I drive home and do the domestics, bring in bin, clear kitchen, find post and check e-mails. Then I wander down to the village barbers and get her to crop my hair on number two so as to remove the decidedly fluffy regrowth from the chemo. A job well done I indulge in a coffee and a bacon sandwich at the village café. Home to load the tumble dryer, tidy the office and watch an early football match, but not before having a conversation with a friend I had not talked to for a while . WhatsApp is all very well but I miss the to and flow of a conversation, it was a real pleasure to be able to converse normally. There was the odd moment when the conversation continues as I check the curry that I had bubbling away on the range.

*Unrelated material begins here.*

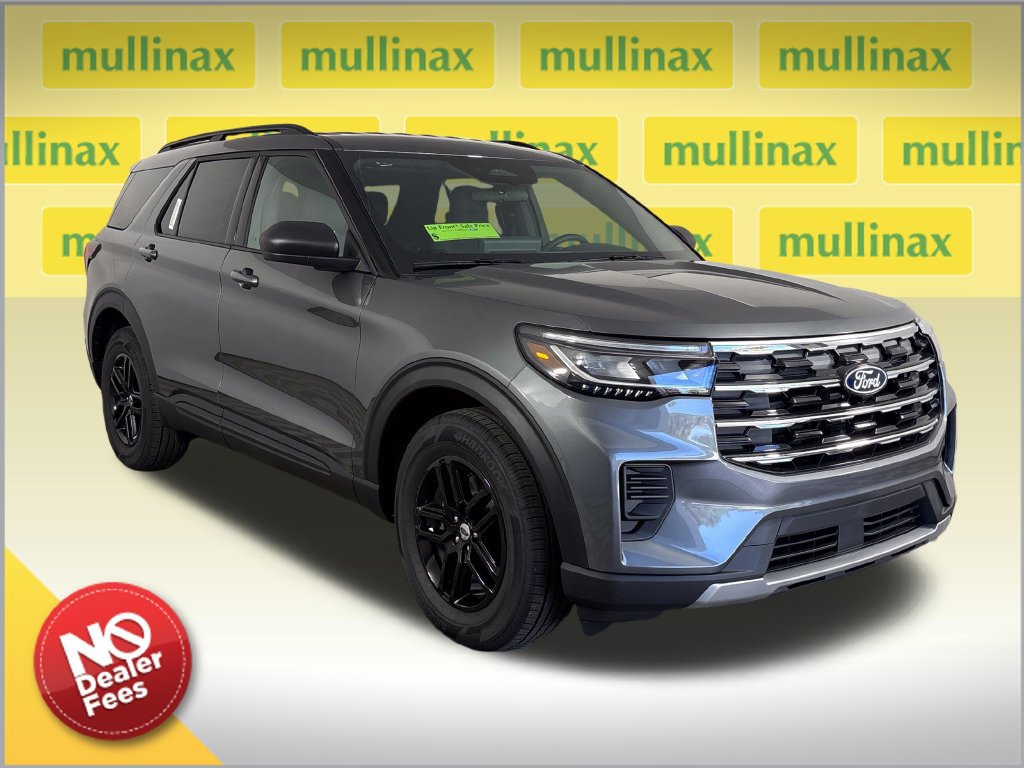 New 2027 Ford Explorer Active RWD 360° Tour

My partner returns from work and goes through her getting home ritual and then we eat. My evening ends up a football fest as I let myself drift from one match to another being vaguely aware that I feel mildly sick with an upset stomach, but then I have eaten an odd diet today and cannot be sure it is due to chemo. But I do wander and make a decision to eat bland and drink water for twenty four hours. I will also take my temperature.

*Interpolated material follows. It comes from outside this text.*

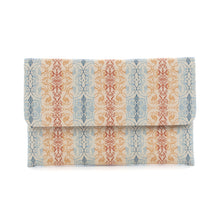 画像をギャラリービューアに読み込む, 数珠入 大 葡萄唐草文錦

In the early evening I get a message to tell me that the funereal of my friend who recently died is going to be on the date of my next oncologist appointment. I look at the timings of both and work out with the aid of route planner whether I can make it. If the oncologist, “he who has made a pact with the devil”, is his usual speedy self and I am in good shape, low PSA, then it is doable. I will just have to go to the oncologist dressed ready for the funereal. That will give him and the specialist nurse something to think about if I do not mention what I am doing.

I have promised myself a day of rest tomorrow, when I laze and read. So now I am going to my island beach to look out over the ocean and watch for life and magical things till I slip into wave induced sleep to wake refreshed tomorrow.